All that anger and emotions I felt and buried would reveal itself at a very special event I will never forget. During the end of my sophomore year I had applied and was accepted to the Steve Harvey mentoring program. The Steve Harvey mentoring program was a program where young men that had no father figures could come and learn the true values of being a man. They also teach important values including leadership, trustworthiness, honesty, and integrity. The camp lasted only a week but that week would change my persepective on things and put me on a metal course that I have never been on before.
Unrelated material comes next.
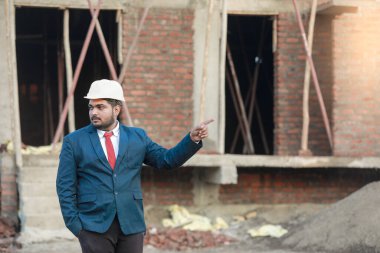 İnşaat şantiyesinde çalışan güvenlik üniformalı inşaat mühendisi portresi inşaat alanında inşaat işçisi kontrol ve kontrol projesi, yeni proje mimari mühendisliği.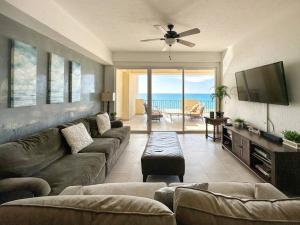 a living room with a couch and a flat screen tv at Family friendly Condo with Oceanfront Views in Puerto Peñasco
The second to last day we were there Steve Harvey was talking about how we could never live a happy,prosperous and faithful life without forgiveness. Which meant that in order to have the best life we have to choose to forgive our fathers. At the end of the seminar the mentors had all the boys come together in one big group and we explained to the mentors why we resented our fathers. At the end of it all before we left we witnessed an incredible site. Everybody had felt victims to there emotions they had trapped within them for years not caring about who was watching.
One by one young men started crying like two year old boys and they couldn’t help it. I tried to tough it out but I couldn’t take it anymore and I was bawling like a little boy too. That experience would be trapped into my head forever. That was the ffirst time I had really let my feelings out like that. The camp on itself was a blessing aside from the emotional relief it was a fun experience. I made life time friends and I had a chance to see my heroes and role models face to face.
People like Isaac caree, Emmett smith, and Steve Harvey of course along with some other athletics and well known people were there too. To say the least it was the best experience I had every had and given the choice, I would do it all over again. I thought that that would be the most special thing that would happens but little did I know one more blessing and bigger responsibility would come my way. Towards the end of my junior year I had been informed that a teacher had been notated to do some mentoring for a program raider two raider he program started my senior and I have the responsibility to mentor oncoming freshmen.
That was just another blessing that I would more then gladly accept. But later as I thought about this came to the conclusion that with all that has happened, I am a compassionate a caring person that’s meant to help people through the same struggle. And as I reflect and reminance what’s happened in my life I can’t help but smile, laugh and give thanks to the one who made this possible because those trials and bumps in the road shape me to who I am today.